Enfin, la Mission rappelle le lien politique, souligné notamment par le secrétariat général de l’ONU entre " bonne gouvernance " et développement. La bonne gouvernance a d’ailleurs été le thème de la conférence franco-africaine tenue à Ouagadougou en décembre 1996. L’exemple tragique de l’échec de la démocratisation rwandaise montre à quel point il s’agit d’une exigence indispensable dans notre partenariat avec les pays africains, mais complexe et difficile. La démocratie ne se réduit pas à l’organisation ponctuelle d’élections, qui peuvent simplement consacrer la victoire d’une majorité ethnique. Les élections libres sont naturellement nécessaires, mais elle doivent s’intégrer dans un processus à long terme de constitution durable d’un Etat de droit. Ce processus passe notamment par la clarté des règles, la transparence de l’administration, le fonctionnement régulier du système judiciaire, le respect des engagements et le paiement des dettes publiques. Les populations doivent y être constamment associées, en particulier au niveau local.

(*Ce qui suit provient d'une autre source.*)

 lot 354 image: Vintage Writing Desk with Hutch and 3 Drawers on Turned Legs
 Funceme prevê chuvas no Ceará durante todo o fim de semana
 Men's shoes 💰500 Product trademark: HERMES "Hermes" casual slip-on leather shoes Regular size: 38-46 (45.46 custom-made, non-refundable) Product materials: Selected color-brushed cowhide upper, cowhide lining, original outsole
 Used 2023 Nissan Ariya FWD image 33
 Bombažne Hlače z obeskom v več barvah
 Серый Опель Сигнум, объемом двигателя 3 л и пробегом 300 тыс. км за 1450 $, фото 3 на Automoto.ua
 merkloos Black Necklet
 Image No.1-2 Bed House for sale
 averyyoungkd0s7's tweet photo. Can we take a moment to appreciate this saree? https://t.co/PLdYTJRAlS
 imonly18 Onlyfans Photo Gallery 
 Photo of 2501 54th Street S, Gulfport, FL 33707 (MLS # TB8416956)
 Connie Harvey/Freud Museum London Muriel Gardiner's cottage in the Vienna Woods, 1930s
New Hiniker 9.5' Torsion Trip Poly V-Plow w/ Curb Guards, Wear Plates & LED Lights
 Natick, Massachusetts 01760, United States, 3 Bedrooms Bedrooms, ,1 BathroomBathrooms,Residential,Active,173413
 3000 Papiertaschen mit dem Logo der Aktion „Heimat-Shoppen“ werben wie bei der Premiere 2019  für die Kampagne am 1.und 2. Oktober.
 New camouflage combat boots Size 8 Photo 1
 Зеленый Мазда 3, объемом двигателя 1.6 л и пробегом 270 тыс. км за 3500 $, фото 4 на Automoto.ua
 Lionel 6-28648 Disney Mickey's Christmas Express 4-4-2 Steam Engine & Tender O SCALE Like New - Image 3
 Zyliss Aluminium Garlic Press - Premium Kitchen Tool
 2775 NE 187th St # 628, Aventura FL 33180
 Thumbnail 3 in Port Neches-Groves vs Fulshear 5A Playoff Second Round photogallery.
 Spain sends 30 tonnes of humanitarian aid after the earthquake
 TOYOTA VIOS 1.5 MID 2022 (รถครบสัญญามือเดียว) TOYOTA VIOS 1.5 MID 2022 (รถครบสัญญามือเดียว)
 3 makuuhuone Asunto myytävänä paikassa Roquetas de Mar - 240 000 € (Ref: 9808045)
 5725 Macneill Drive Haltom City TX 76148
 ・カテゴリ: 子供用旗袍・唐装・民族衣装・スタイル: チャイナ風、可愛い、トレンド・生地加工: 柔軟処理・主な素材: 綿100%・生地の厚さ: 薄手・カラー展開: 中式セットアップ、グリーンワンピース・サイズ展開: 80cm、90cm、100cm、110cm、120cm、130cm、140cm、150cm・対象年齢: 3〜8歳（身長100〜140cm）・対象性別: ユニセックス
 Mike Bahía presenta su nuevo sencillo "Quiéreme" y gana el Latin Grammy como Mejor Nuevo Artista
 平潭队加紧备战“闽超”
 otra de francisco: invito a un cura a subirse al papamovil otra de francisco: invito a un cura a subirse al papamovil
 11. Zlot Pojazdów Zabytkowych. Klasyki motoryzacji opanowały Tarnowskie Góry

La coopération française et européenne a pour devoir d’encourager toute évolution en ce sens, sans pratiquer d’ingérence. La négociation de la nouvelle convention de Lomé offrira l’occasion de progresser en ce domaine, en permettant d’approfondir le dialogue politique entre l’Union européenne et les pays ACP sur les questions du respect des droits de l’homme et des principes de l’Etat de droit et de la bonne gestion des affaires publiques.